導入された『コムスンベッド』は、電動で姿勢を変えることのできるギャッジアップ機能も充実していたし、新しいベッドを使えるのは、そこで寝る本人にとっても気分の良いことだろうからと、深くツッコミもしなかった。(利用者がツッコンだからと言って、何現状が変わるわけでもないし。)

昨日、「ベッドの下に物を落としたようだから、拾い上げて欲しい。」と父に言われ、ベッドを移動しようとしたら、大の大人がふたり掛りでも、全く動かせないので驚いた。 横に10センチばかり滑らせることすらできないのである。 ストッパーがかかっているのかと思えばそんなものはないし、キャスターもなく、ただ単に床にベッドが載せてあるだけなのに、だ。 スタッフに尋ねても「そういうベッドなんですよね、これ。」 結局は上から寝具を取り除いてベッドマットまで持ち上げて、ベッド底の構造の隙間から腕を入れ、床に落ちた物を拾い上げた。

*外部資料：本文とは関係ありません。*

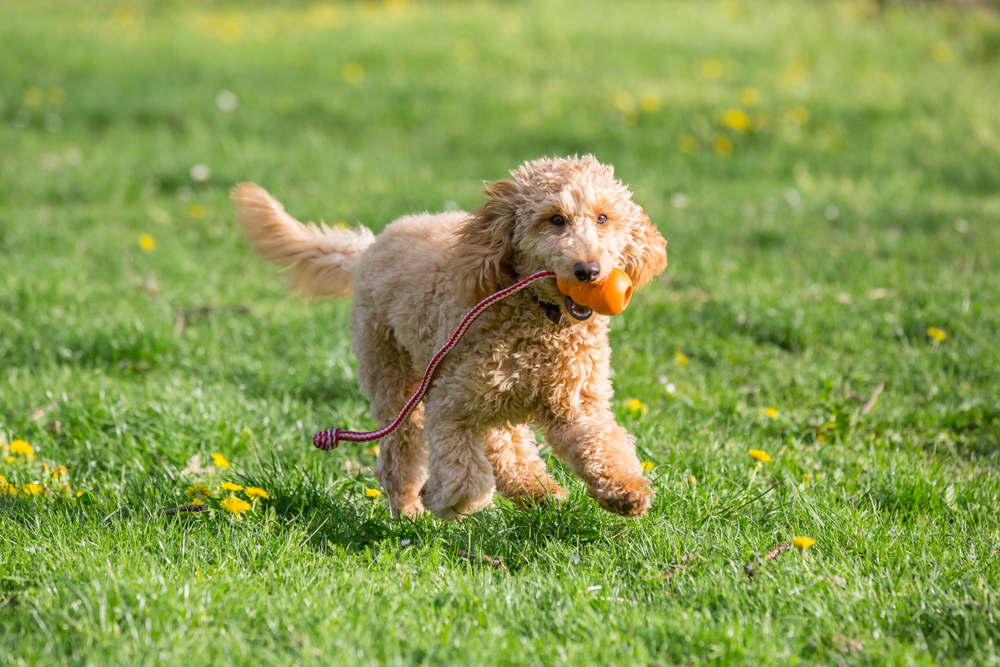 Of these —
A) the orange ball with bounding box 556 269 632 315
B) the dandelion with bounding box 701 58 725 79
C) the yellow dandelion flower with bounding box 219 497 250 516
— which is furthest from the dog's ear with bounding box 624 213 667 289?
the dandelion with bounding box 701 58 725 79

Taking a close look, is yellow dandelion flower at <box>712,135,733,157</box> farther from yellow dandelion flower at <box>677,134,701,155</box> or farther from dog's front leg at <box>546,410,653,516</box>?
dog's front leg at <box>546,410,653,516</box>

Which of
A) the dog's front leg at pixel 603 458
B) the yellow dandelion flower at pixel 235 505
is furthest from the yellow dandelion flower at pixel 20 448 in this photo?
the dog's front leg at pixel 603 458

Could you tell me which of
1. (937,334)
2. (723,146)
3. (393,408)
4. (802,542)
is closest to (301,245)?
(393,408)

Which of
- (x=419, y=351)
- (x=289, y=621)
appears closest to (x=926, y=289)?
(x=419, y=351)

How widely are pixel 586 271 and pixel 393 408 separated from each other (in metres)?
1.31

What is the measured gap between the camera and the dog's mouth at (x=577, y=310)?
9.69 feet

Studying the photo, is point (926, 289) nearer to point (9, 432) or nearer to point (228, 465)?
point (228, 465)

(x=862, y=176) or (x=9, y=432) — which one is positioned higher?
(x=862, y=176)

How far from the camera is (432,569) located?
3029mm

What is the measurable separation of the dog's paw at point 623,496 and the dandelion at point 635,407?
1.20m

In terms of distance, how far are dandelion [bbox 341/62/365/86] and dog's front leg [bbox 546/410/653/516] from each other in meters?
7.73

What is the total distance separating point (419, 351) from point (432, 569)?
88 cm

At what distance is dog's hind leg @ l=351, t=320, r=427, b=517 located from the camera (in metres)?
3.75

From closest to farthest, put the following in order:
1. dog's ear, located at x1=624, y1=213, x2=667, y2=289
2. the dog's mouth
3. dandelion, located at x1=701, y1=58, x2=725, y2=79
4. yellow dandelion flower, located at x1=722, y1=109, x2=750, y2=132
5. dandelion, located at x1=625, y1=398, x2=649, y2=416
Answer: the dog's mouth < dog's ear, located at x1=624, y1=213, x2=667, y2=289 < dandelion, located at x1=625, y1=398, x2=649, y2=416 < yellow dandelion flower, located at x1=722, y1=109, x2=750, y2=132 < dandelion, located at x1=701, y1=58, x2=725, y2=79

まあそんなベッド下だからゴミが溜まり、使った後のティッシュペーパーだの、綿埃だのがたくさん見つかってしまい、一気に大掃除会場と化した父の部屋。 やっぱり動かせない家具っていうのは問題だよなあ。 モップを借りてきてベッドの床下を掃除し、その床を乾かし、ベッドメイクをし直して、ようやく一仕事終えた気分になって帰ってきた。 こんなんなら、古くても以前の『コムスンベッド』じゃないベッドの方が、キャスターも付いていたし、掃除も楽だったし、果たして取り替える必要があったのだろうか・・などと、今更ながらちょっとイラッと来たのだった。

費用は回りまわって施設利用者の負担に跳ね返ってくる。 介護保険で商売が成り立たないと、こうして別の所から何かの利益を生み出してこなくてはならないのだろう。 それらを負担してゆくのは、実は末端の利用者なのだ。

図らずも大掛かりな掃除が適度な運動になったお陰か、下剤の効き目は良すぎるほどに良かった。